On se souvient d'ailleurs des images télévisées montrant les marins des baleiniers brandissant des panneaux disculpant leurs pratiques par des slogans comme : "recherche scientifique", "pour analyse"...
Rappelons que la Commission baleinière internationale (CBI) a adopté en 1982 un moratoire sur la chasse à la baleine, qui a pris effet en 1986. Si les chasses "à but scientifique", que le Japon est le seul pays à pratiquer, sont autorisées dans le texte fondateur de la CBI, de nombreux Etats membres de la Commission y sont opposés.
Ainsi, la France, suivie par une quinzaine de pays a entamé des démarches auprès des autorités japonaises afin de faire cesser cette couverture.
Il est évident que ces pratiques "scientifiques" sont un moyen de contourner le moratoire et de maintenir le Japon au sein de la CBI.
Christophe Guinet, chargé de recherche au CNRS, au Centre d’études biologiques de Chizé, dans les Deux-Sèvres, déclare dans une interview donnée au site TF1.fr que "la population des petits rorquals en Antarctique est suffisamment abondante pour qu’elle puisse être chassée".
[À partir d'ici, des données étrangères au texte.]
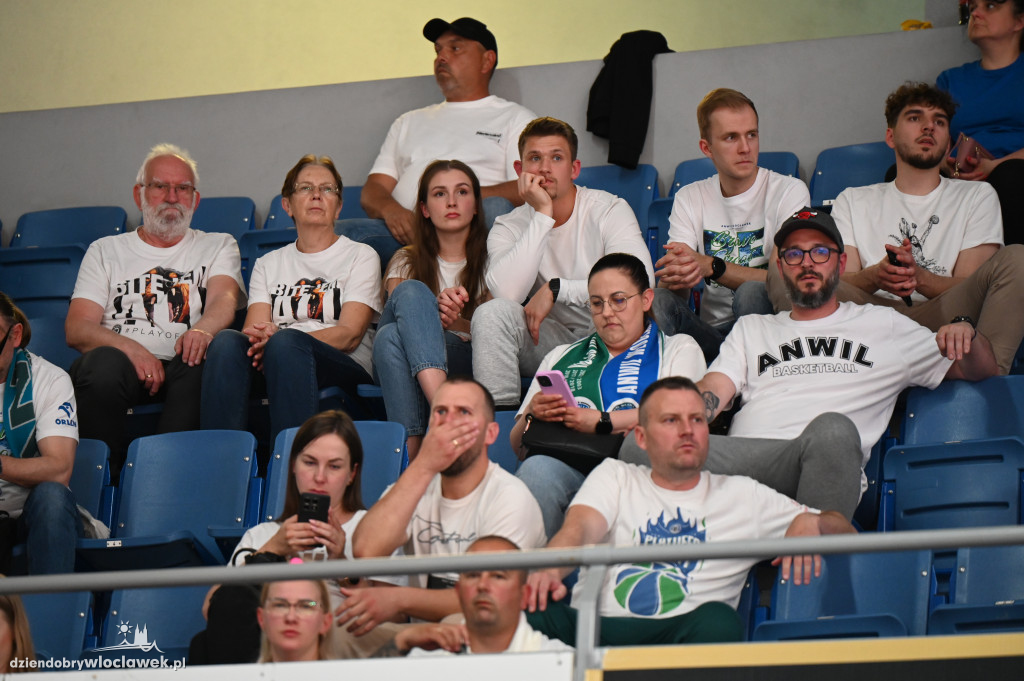 Druga porażka Anwilu z Legią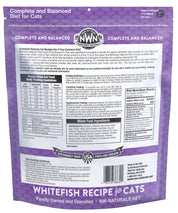 Northwest Naturals Freeze Dried Cat Food Whitefish
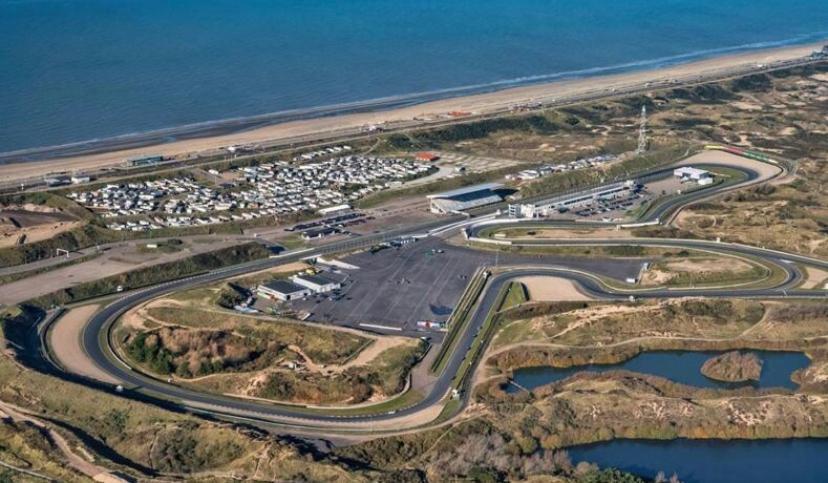 Queens Romantic Beachhouse Зандфорт Экстерьер фото
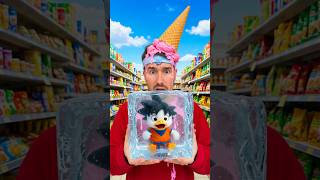 He CONGELADO a mi PATO GOKU sin QUERER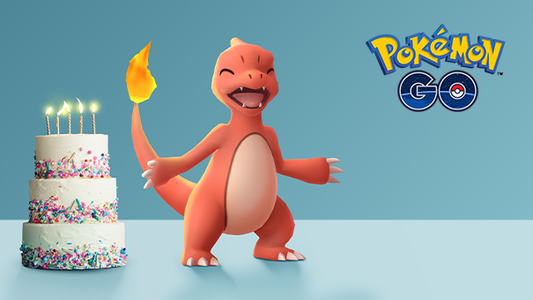 Pokémon GO festeja su quinto aniversario
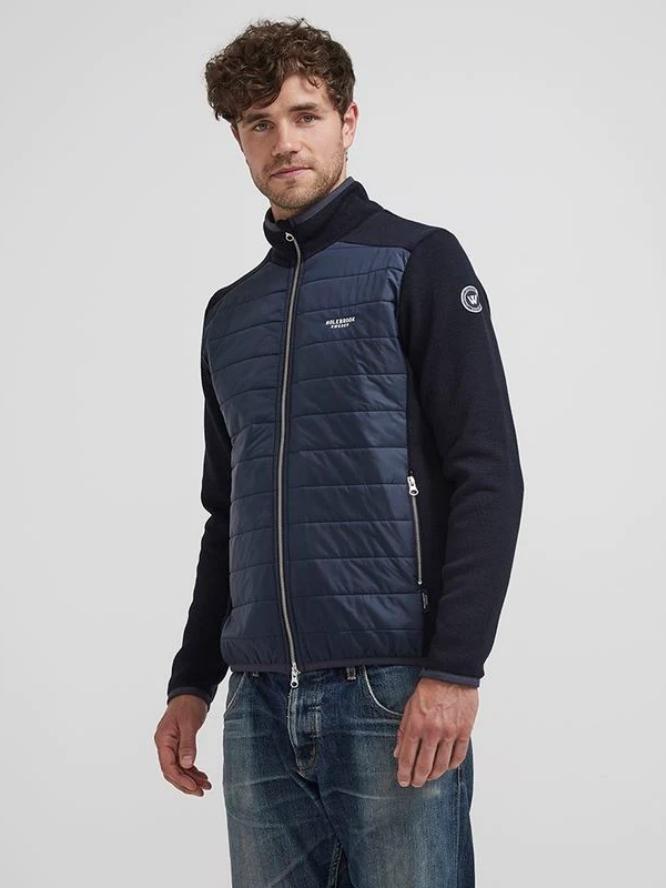 Mens Navy Windproof Jacket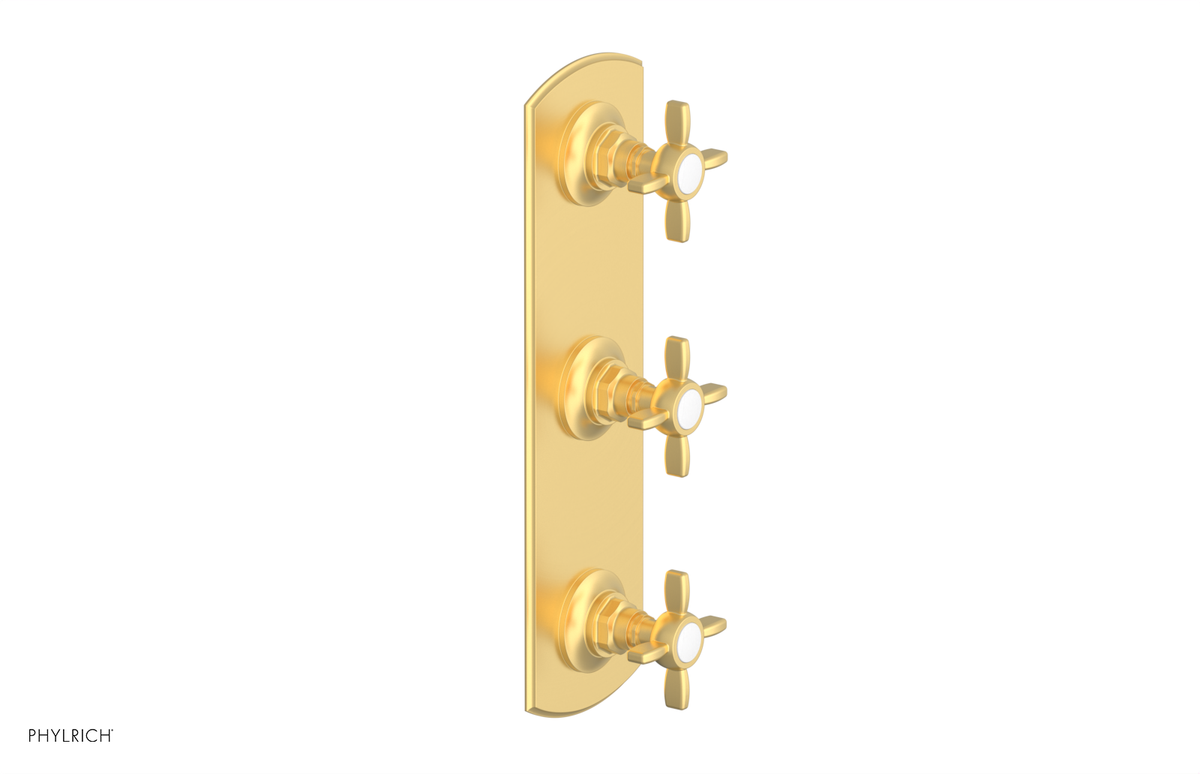 JAMESTOWN - Thermostatic Valve with Two Volume Control 4-739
Mais il précise surtout que "ces chasses scientifiques ont pour objectif d’identifier les différentes population de petits rorquals, d’étudier leur régime alimentaire et les zones de leur présence en fonction de facteurs océanographiques tels que la température de l’eau ou la présence de la banquise. Mais la valorisation scientifique de ces travaux est assez sommaire et tous les petits rorquals péchés finissent dans l’assiette des Japonais".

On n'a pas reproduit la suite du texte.